* _Work instructions_: Would you retype, word for word, the line with "Used 2019 Jeep" and each line after it to the end of the entries below, leaving the pictures out?

* _Supplied records_:
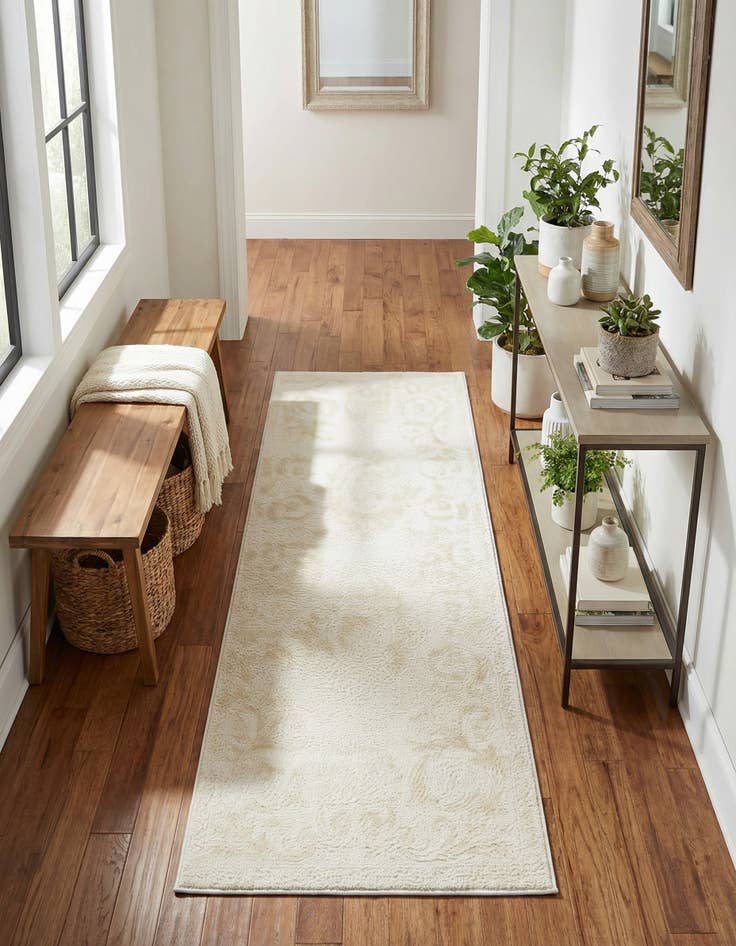 Detail image of 2' x 5' Finsbury Runner Rug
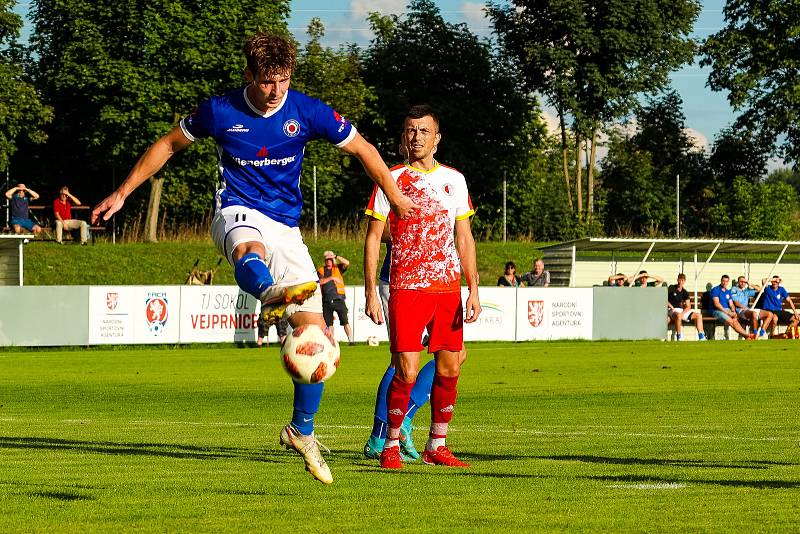 Fotbalisté SK Slavia Vejprnice (na archivním snímku hráči v červenobílých dresech) poprvé na jaře zvítězili, na domácí půdě udolali Slavoj Mýto 1:0.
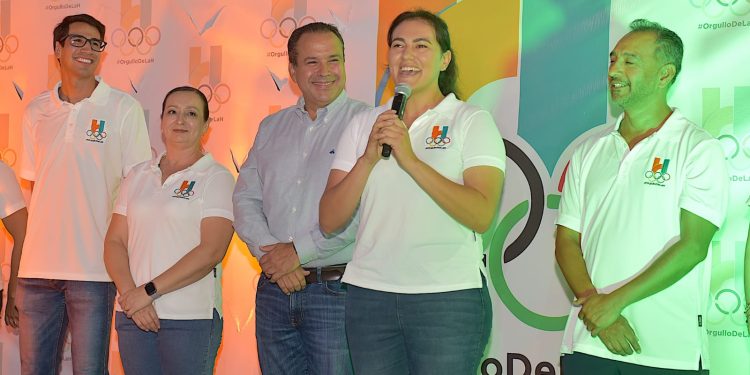 Reconoce Toño Astiazarán a deportistas olímpicos hermosillenses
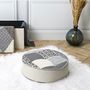 Voir la diapositive 3 : TOILINUX Pouf rond patchwork - Beige et Gris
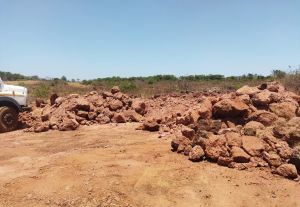 Red Bauxite Lumps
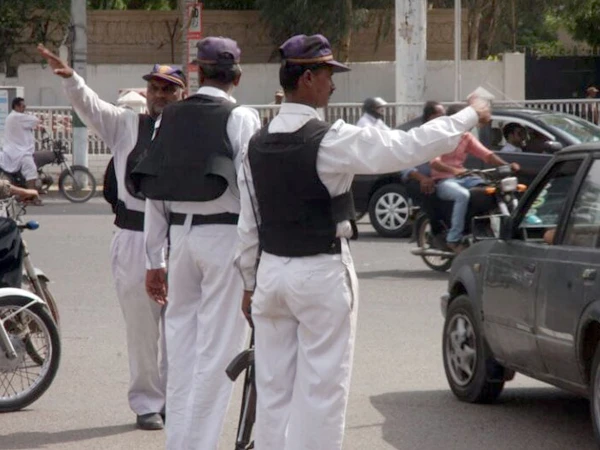 karachi-traffic-police1737701284-0-600x450.webp.webp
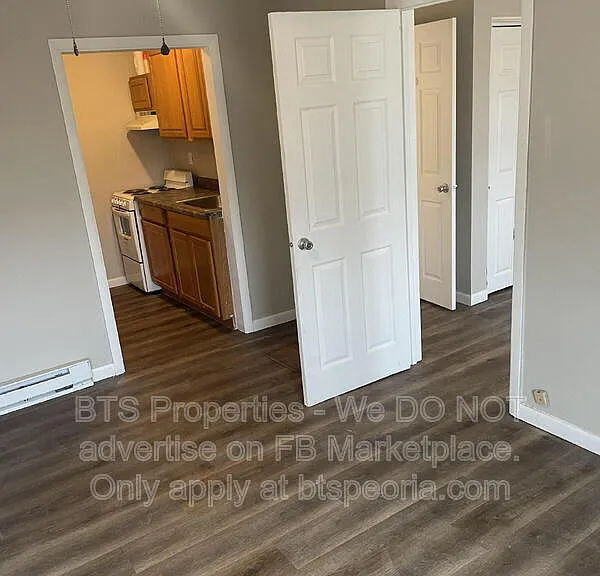 119 Vanburen Ct #2 — Photo 1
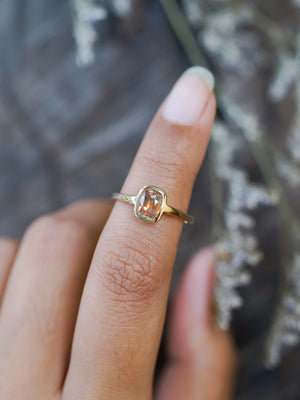 Sunstorm Bicolor Sapphire Ring in Ethical Gold - Gardens of the Sun | Ethical Jewelry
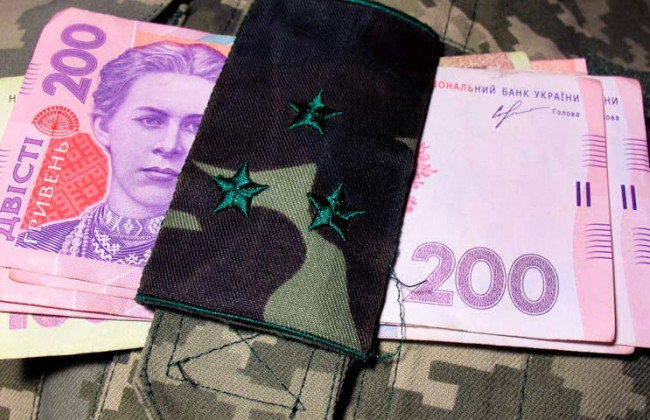 Виплата військовослужбовцю грошової компенсації за неотримане речове майно: практика ВС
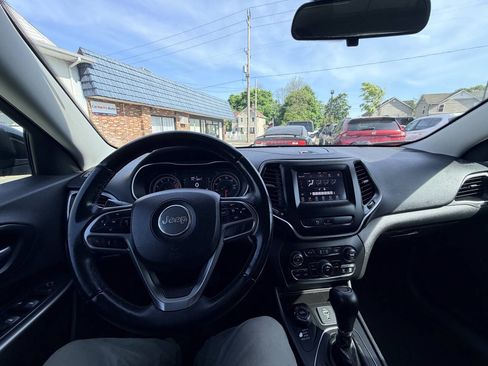 Used 2019 Jeep Cherokee Latitude Plus w/ Cold Weather Group AWD/4WD image 4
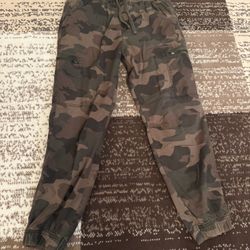 Men’s Sonoma Zipped Cargo Pants Size Medium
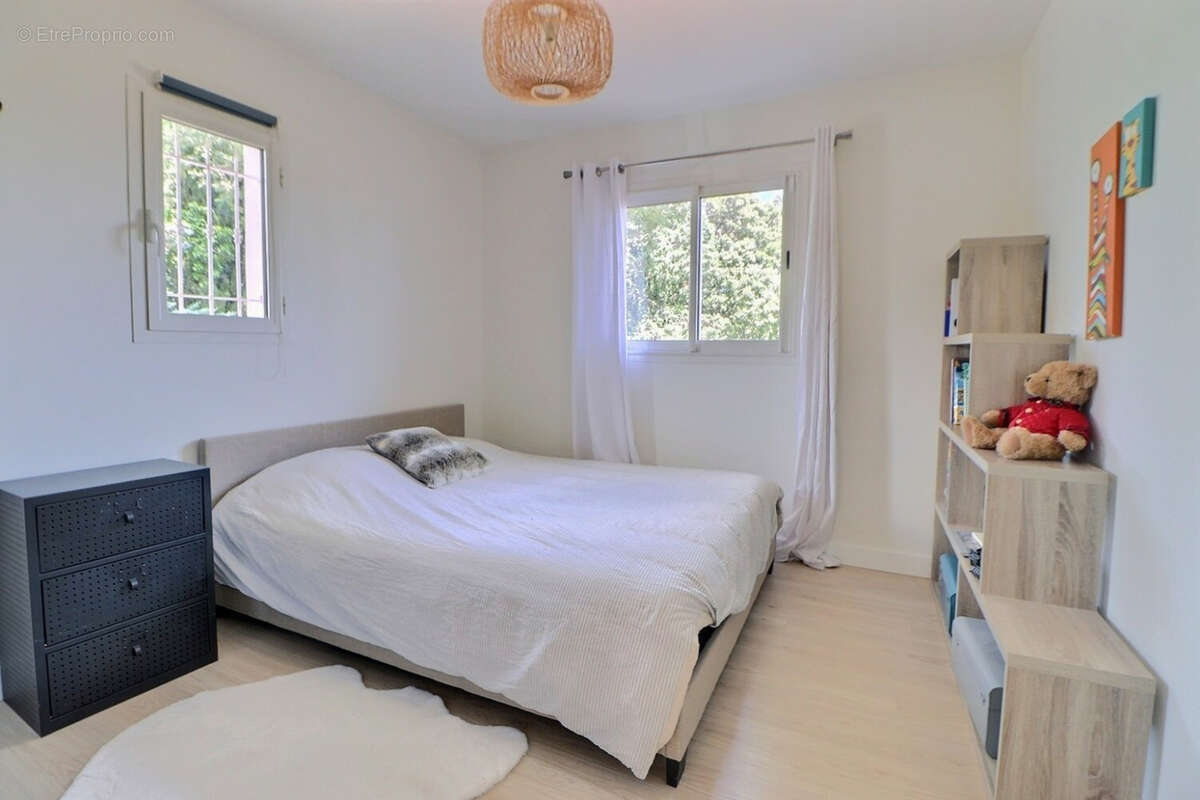 Maison à BAGNOLS-EN-FORET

* _Answer below_:
 Used 2019 Jeep Cherokee Latitude Plus w/ Cold Weather Group AWD/4WD image 4
 Men’s Sonoma Zipped Cargo Pants Size Medium
 Maison à BAGNOLS-EN-FORET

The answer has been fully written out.